Mit Felix Schenk und Bernd Hellmann, zwei Bewohnern der "Flora", hat der handwerklich versierte Haldensleber dann das Vorhaben angepackt. Dieter Seifert hat sogar noch Material dazugegeben und mit Werkzeug geholfen. "Mit Hammer und Meißel mussten wir anfangen und die Mühle erstmal auseinanderbauen, denn die Schrauben waren völlig verrostet", macht Ulrich Thamm den Zustand des Mühlrades deutlich. Mit viel Mühen haben die Männer erneuert und repariert, bis das Klappern wieder erklang. Als Anerkennung hat ihnen der Wirt der benachbarten Gaststätte ein tolles Mittagessen spendiert, das hat die Männer sehr gefreut.

Die Mitarbeiter der "Flora" haben auch mit dem Eigentümer des Areals gesprochen, denn auf dem Gelände hatte sich eine ganze Menge Unrat gesammelt. Daher kam Ergotherapeut Reiko Fräßdorf auf die Idee, mit weiteren "Flora"-Bewohnern, hier im Naturschutzgebiet noch einen Aufräumeinsatz zu starten. Die Männer brachten den Zufluss für das kleine Wasserrad in Ordnung, räumten Geäst und Laub weg. Müll wurde aufgeladen und mitgenommen.

Langfristig sollte die Wasserradkonstruktion vielleicht mal grundlegend erneuert werden, meint Ulrich Thamm, Edelstahl wäre wahrscheinlich günstiger. Allerdings wurde das kleine Rad im Laufe der Jahrzehnte schon mehrfach zerstört.

"Wir würden auch gern eine Tafel dort aufstellen, auf der man nachlesen kann, wann die erste Klappermühle gebaut wurde und wer schon alles hier Hand angelegt hat", sagt Ulrich Thamm. Er bittet darum, dass sich Haldensleber, die mehr darüber wissen, doch melden, entweder in der "Flora" an der Dessauer Straße 35 oder bei der Volksstimme.

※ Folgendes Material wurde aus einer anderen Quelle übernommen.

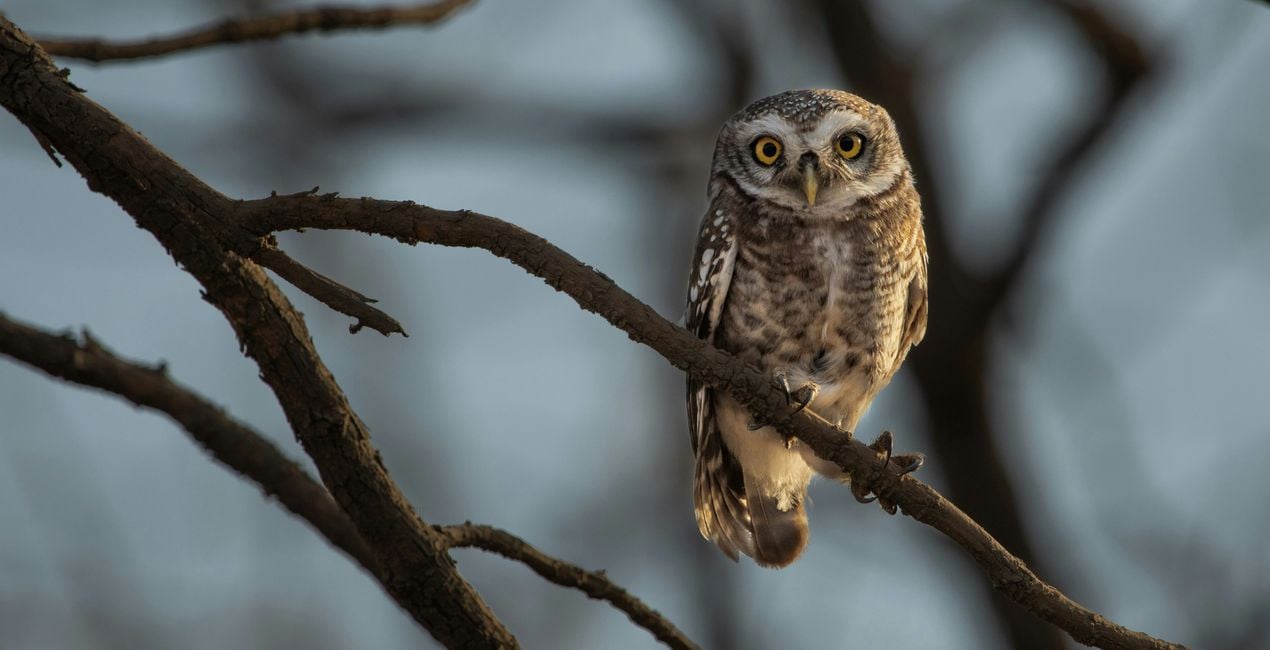 Flight & Shadow Presets for Luminar | Marketplace(39)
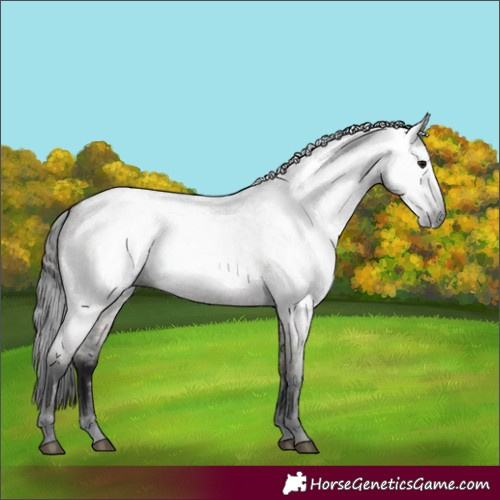 Horse Color:Gray Grullo Roan 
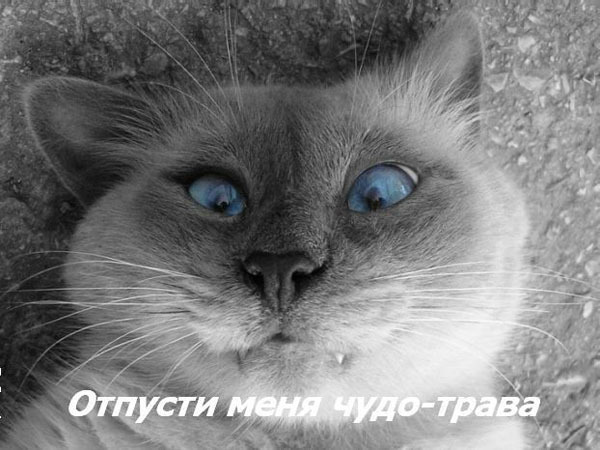 ТОП лучших котоматриц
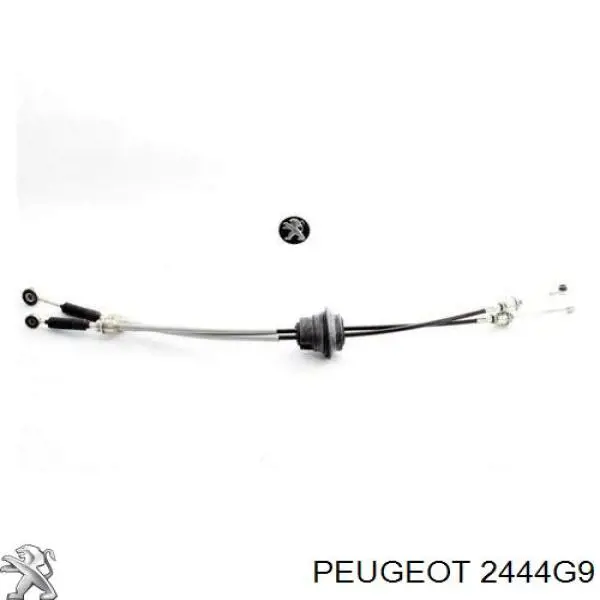 Do koszyka 2444G9 Peugeot/Citroen Linka dźwigni zmiany biegów podwójna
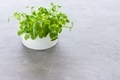Microgreens of radish in pot - PhotoDune Item for Sale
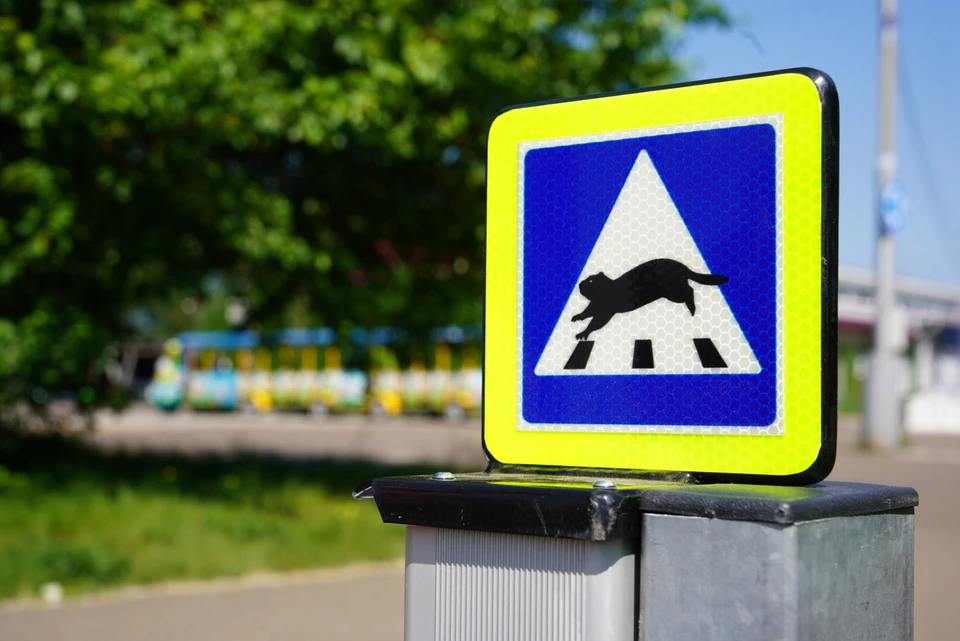 В республике ужесточат контроль за выгулом сельскохозяйственных животных.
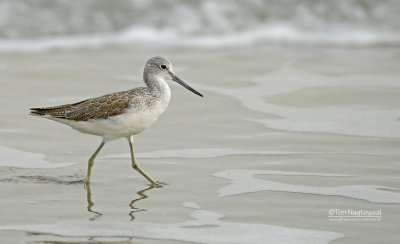 Groenpootruiter - Common Greenshank - Tringa nebularia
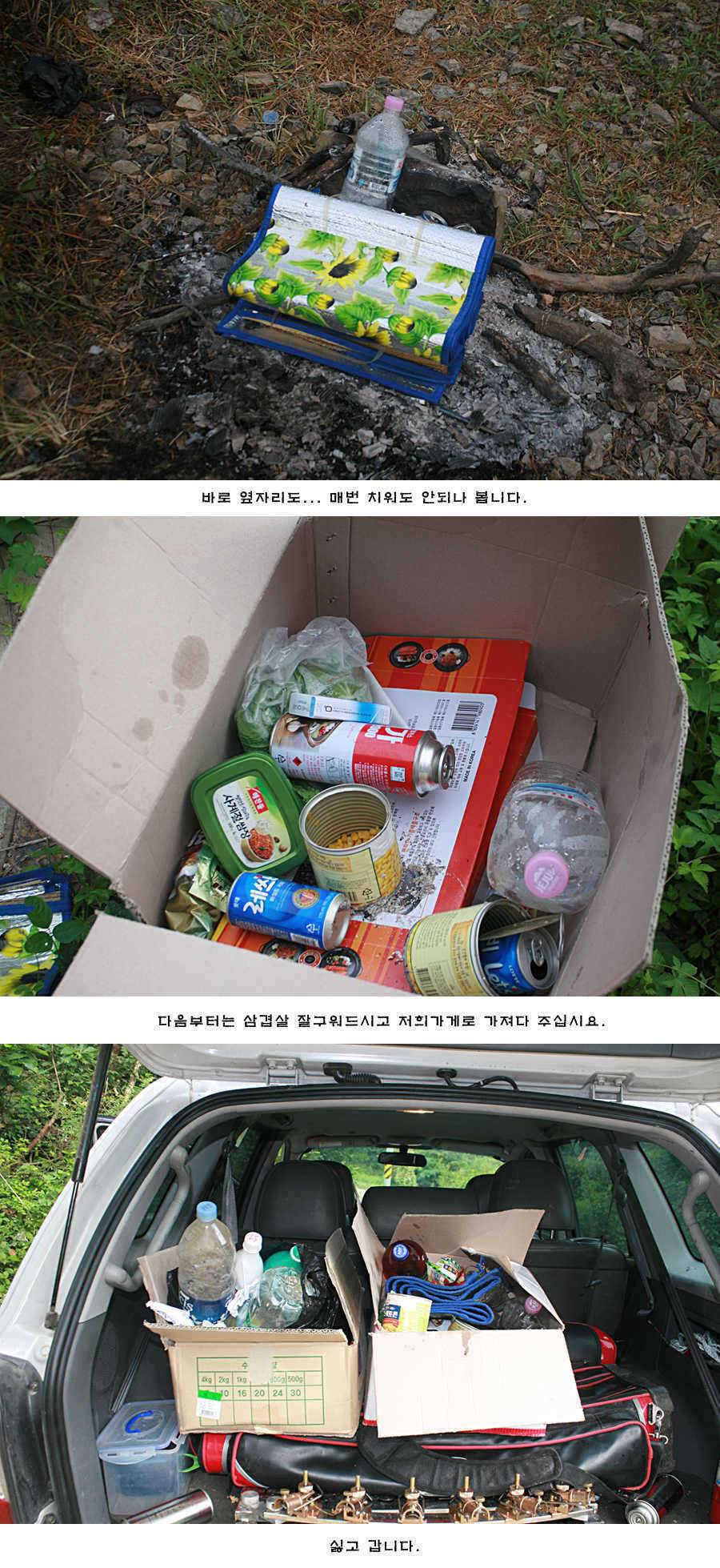 청도권 주중 조황정보 (조황조행기 - 특파원조황)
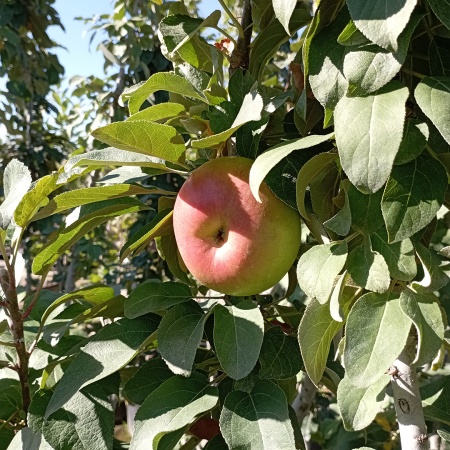 Яблоня колонновидная Краснознаменное/Алые Паруса (зима)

Die Volksstimme hat im Laufe der Jahre schon mehrfach über dieses Kleinod berichtet. Besonders viel wurde 2001 diskutiert, als die Mühle verschwunden war. Viele Leser hatten dazu auch angerufen oder geschrieben. So war sich Martin Horst sicher, dass verwundete Soldaten, die im zweiten Weltkrieg im Lazarett in der Nervenheilanstalt untergebracht waren, die erste kleine Mühle aus Holz gebaut hatten. Gerhard Storaczek aus Hundisburg allerdings weiß genau, dass die Mühle älter ist. Er erinnerte sich, dass er als Junge mit seinen Freunden 1938 immer vom Knick in Hundisburg zur Koppel (heute Waldweg) gezogen war. Da habe er den ersten Erbauer der Klappermühle fast jeden Tag zu seinem Bauwerk spazieren sehen. Das sei der Rentner Hilmar Schäfer aus Hundisburg gewesen, Schäfer sei Stellmacher bei Nathusius gewesen.

Martin Horst hatte sich daran erinnert, dass er 1960 mit Kollegen der Schweißerbrigade aus dem damaligen VEB Landmaschinenbau nach Feierabend eine neue Klappermühle nach Plänen von Herbert Schmidt gebaut hatte. Nach der Wende war die Klappermühle plötzlich weg. Mitte der 90er Jahre baute Walter Hauer aus Hundisburg eine neue Mühle. Als die Ende der 90er Jahre zerstört wurde, sorgte Dieter Seifert dafür, dass sich ein neues Rad drehte. Er hat sich seit 1968 immer wieder um die Klappermühle gekümmert. Weitere Hinweise zur Klappermühle sind willkommen.